Prabowo yang di dalam darahnya mengalir ideologi koperasi sebagaimana diwariskan oleh kakeknya Margono Djojohadikoesoemo dan ayahnya Profesor Soemitro Djojohadikoesoemo, tentu terpanggil untuk menghidupkan kembali gerakan koperasi di tanah air, terutama di pedesaan. Gerakan ini bertujuan untuk mengembalikan pilar ekonomi nasional dari sedikit oligarki ke tangan rakyat banyak. Tentu ini langkah yang tidak mudah dan bakal menghadapi banyak tantangan seperti mendaki gunung terjal.
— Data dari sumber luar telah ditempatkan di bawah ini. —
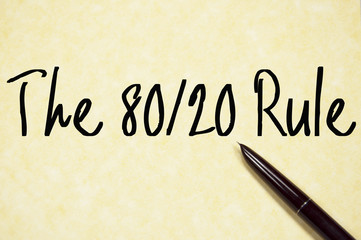 the 80/20 rule text write on paper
Namun sesungguhnya semangat ini sama dengan semangat sejumlah masyarakat kota Rochdale, Inggris yang mendirikan koperasi pertama di dunia pada tahun 1844, sebelum akhirnya gerakan koperasi menyebar ke seluruh dunia. Mereka mendirikan koperasi sesungguhnya adalah respon atas kegagalan revolusi industri yang memperjuangkan konsep Liberte – Egalite – Fraternite (kebebasan – persamaan – kebersamaan).

Konsep tersebut dianggap gagal karena revolusi industri tidak membawa perubahan terhadap kondisi ekonomi rakyat. Liberte atau kebebasan hanya dirasakan oleh mereka yang memiliki kapital sehingga dapat meraup untung sebanyak-banyaknya. Begitu juga dengan Egalite dan Fraternite atau persamaan dan kebersamaan, hanya menjadi milik pemilik-pemilik modal besar.

Hampir 200 tahun kemudian, dengan semangat yang sama, Prabowo ingin membangkitkan kembali gerakan koperasi di Indonesia. Langkah ini akan bertemu dengan semacam common sorrow, rasa senasib sepenanggungan di dalam hati masyarakat bawah yang selama ini terpinggirkan secara ekonomi. Cahaya di ujung lorong itu memang belum terlalu terang, tapi sepertinya akan terus membesar dan menerangi jalan. Semoga bisa menjadi legacy.*

Turino Yulianto, Mantan Ketua Umum Koperasi Kesejahteraan Mahasiswa (Kokesma) ITB.